ASSIGNED TASK: With pictures left out, only the lines from the one containing "Transparent - Image 7" through the end of the records should be reproduced exactly, please.

Crawled caption data:
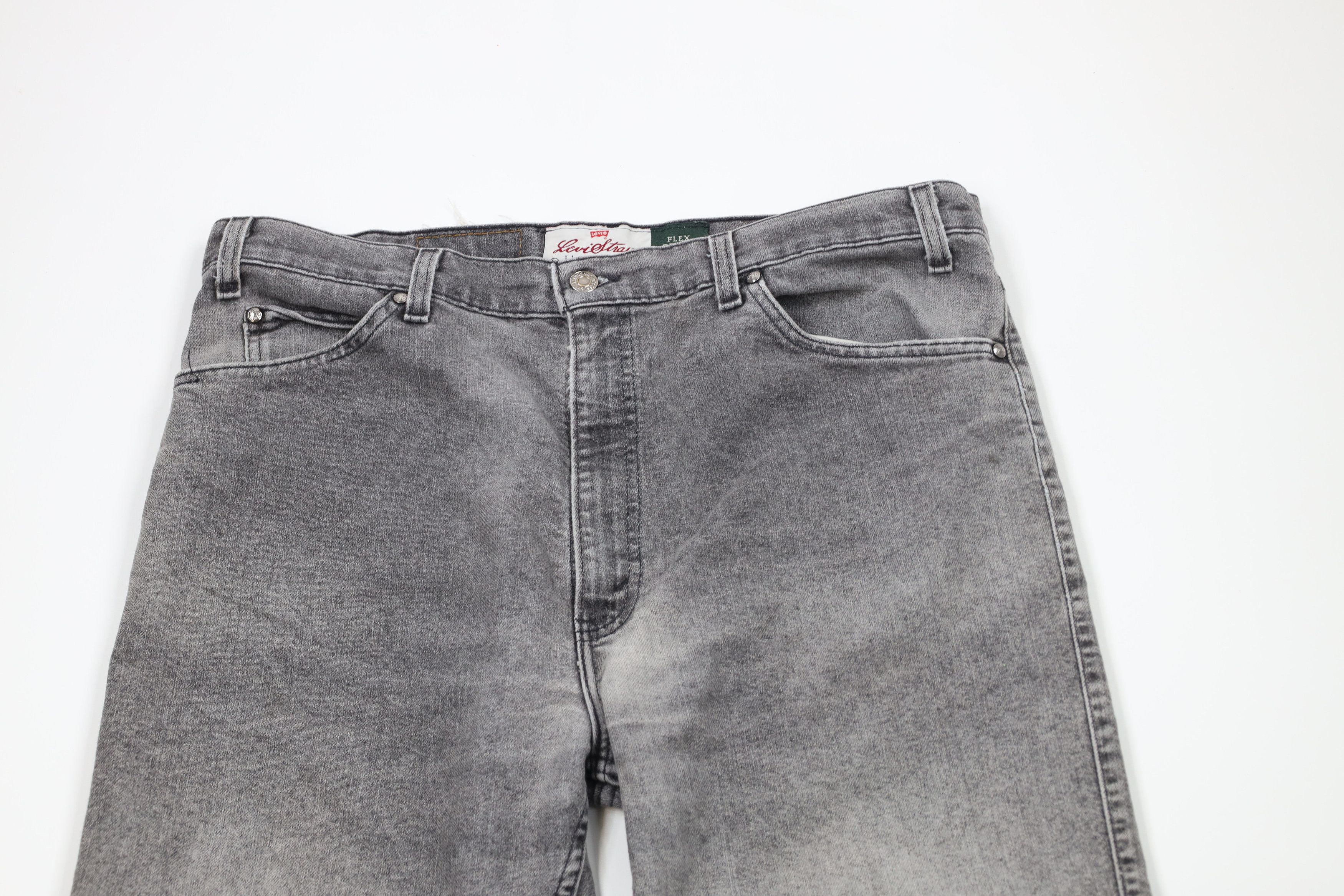 Levi's × Vintage Vintage 90s Levis 540 Relaxed Fit Flex Denim Jeans Black USA Size US 36 / EU 52 - 2 Thumbnail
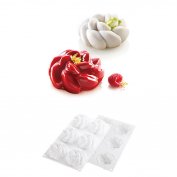 Форма Силиконовая Silikomart - Fleur 6х90мл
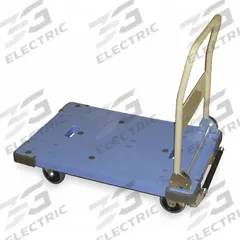 APPROVED VENDOR Platform Truck: 660 lb, 37 in L x 23 1/2 in W x 38 in H Overall Dim., Blue, Plastic (MPN 2TUT4). Key specifications — attr1345828: Blue; attr1345811: (2) Rigid; attr1345838: APPROVED VENDOR.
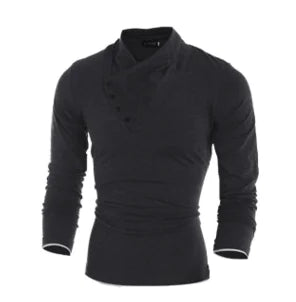 Fashionable Slim Fit Long Sleeve T-Shirt for Men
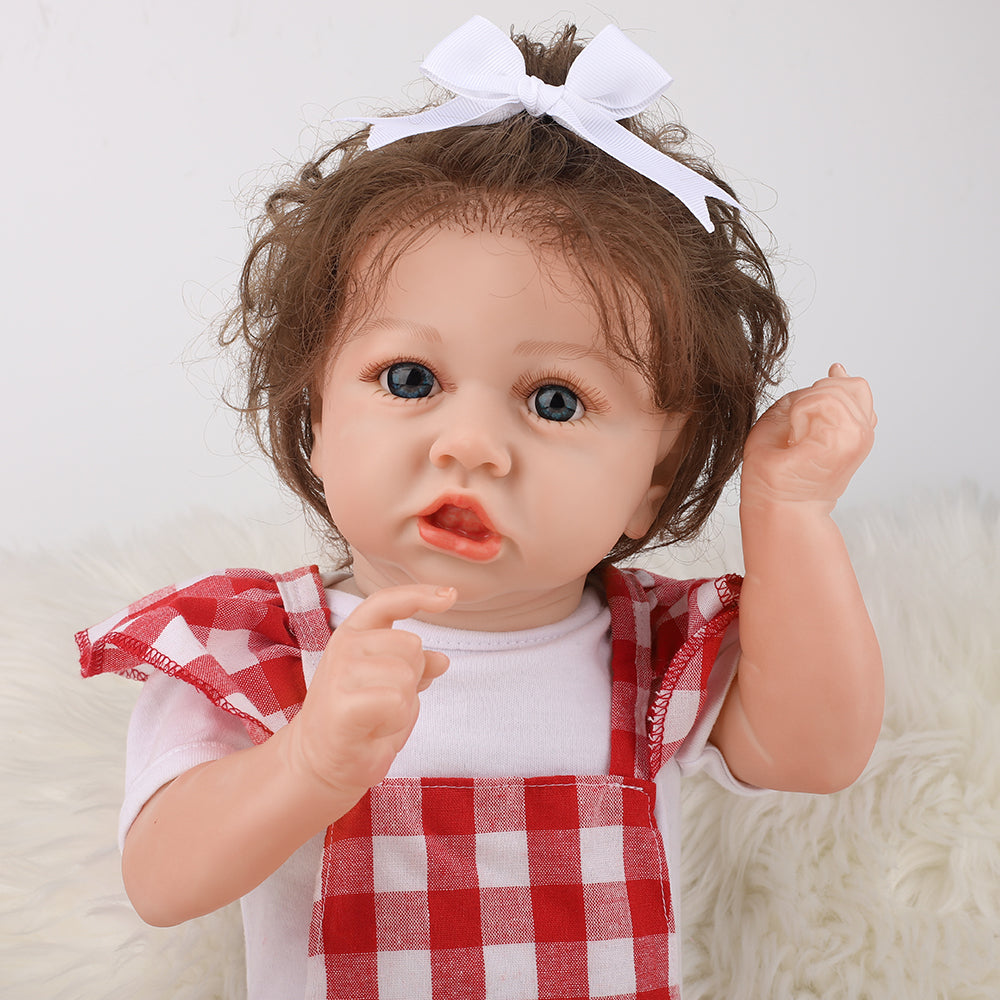 Simulation soft tape body reborn baby doll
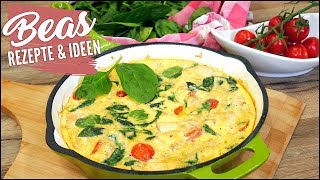 Lachs Spinat Frittata Rezept  Mediterrane Küche [upl. by Anomas299]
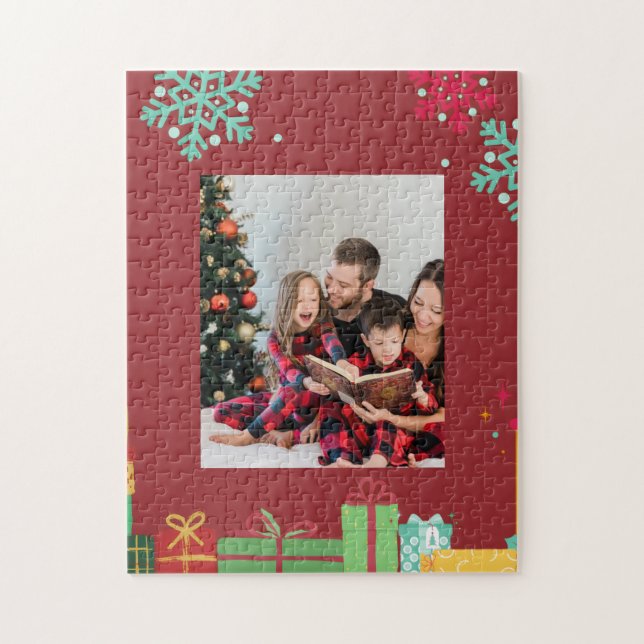 Quebra-cabeça Personalizado – Foto de Natal (Vertical)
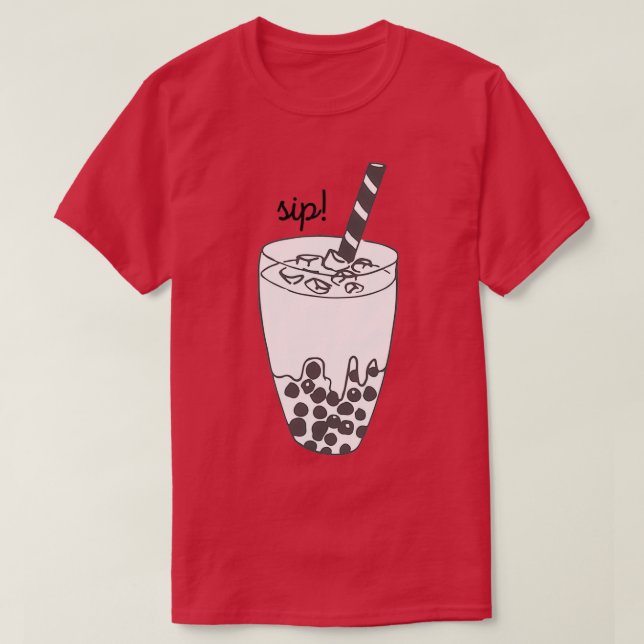 Boba Tea Black T-Shirt (Design Front)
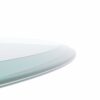 28" Round Tempered Glass Table Top Clear Glass 1 / 2" Thick Beveled Polished Edge - Transparent - Image 7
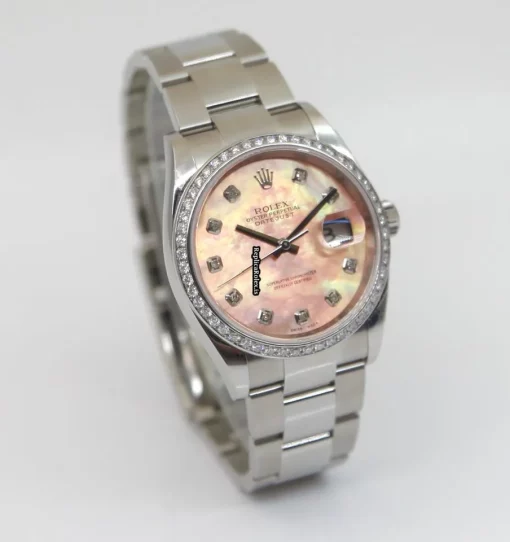 Aaa Fake Rolex Datejust 126200 Caliber 3235 Automatic Movement 36mm Steel Case Mens/unisex Watch - Image 5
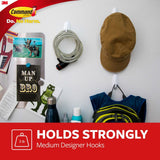 3 lb. 3 in. Plastic Medium Designer Hooks (2-Hooks, 4-Strips) - Super Arbor
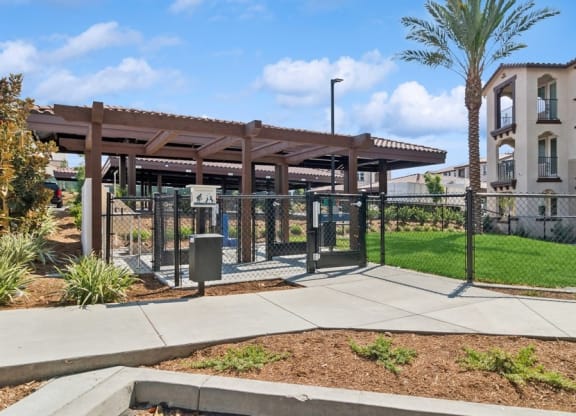 a fenced in area with a pavilion at Arrive Temecula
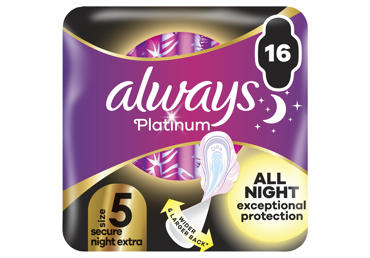 Hügieenisidemed ALWAYS Platinum S5 16tk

SOLUTION TO THIS EXERCISE:
 28" Round Tempered Glass Table Top Clear Glass 1 / 2" Thick Beveled Polished Edge - Transparent - Image 7
 Aaa Fake Rolex Datejust 126200 Caliber 3235 Automatic Movement 36mm Steel Case Mens/unisex Watch - Image 5
 3 lb. 3 in. Plastic Medium Designer Hooks (2-Hooks, 4-Strips) - Super Arbor
 a fenced in area with a pavilion at Arrive Temecula
 Hügieenisidemed ALWAYS Platinum S5 16tk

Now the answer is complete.